About this exercise:
Would you repeat the listing below verbatim and drop the images?

Provided material:
★ ★ ★ ★

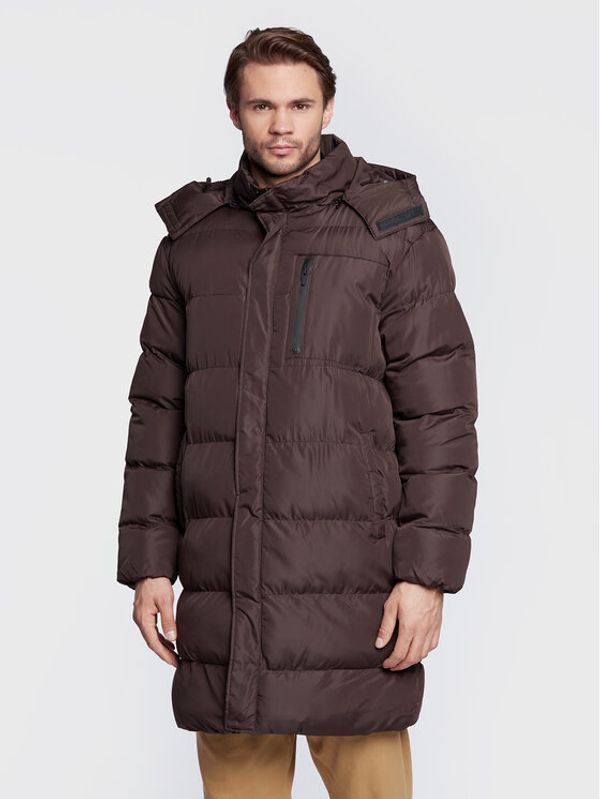 Brave Soul Brave Soul Пухено яке MJK-ELSDON Кафяв Regular Fit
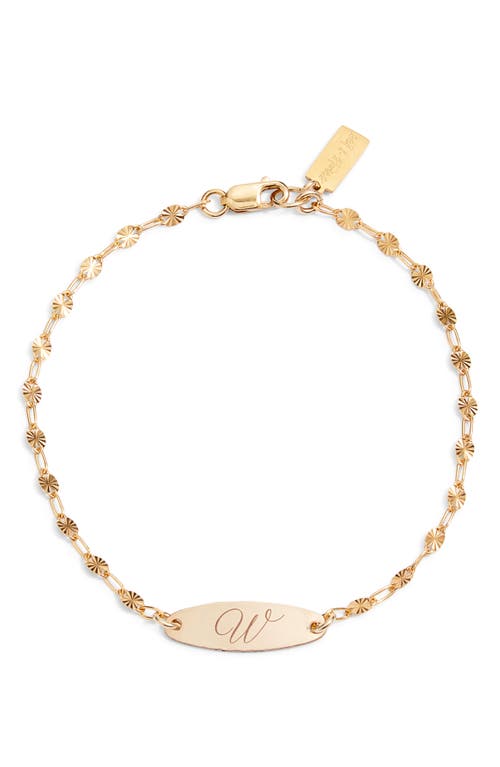Set & Stones Bank Initial Bracelet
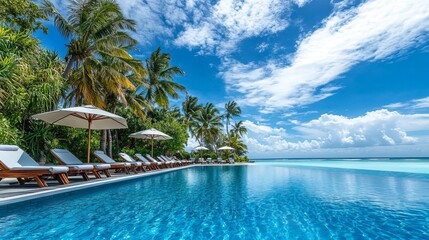 beautiful blue sea view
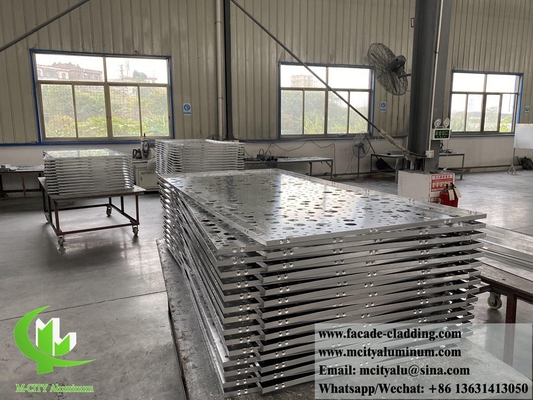 4mm-Aluminiumplatten mit dekorativen Mustern für die Verkleidung von Fassadenwänden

★ ★ ★ ★

Finished exercise:
 Brave Soul Brave Soul Пухено яке MJK-ELSDON Кафяв Regular Fit
Set & Stones Bank Initial Bracelet
 beautiful blue sea view
 4mm-Aluminiumplatten mit dekorativen Mustern für die Verkleidung von Fassadenwänden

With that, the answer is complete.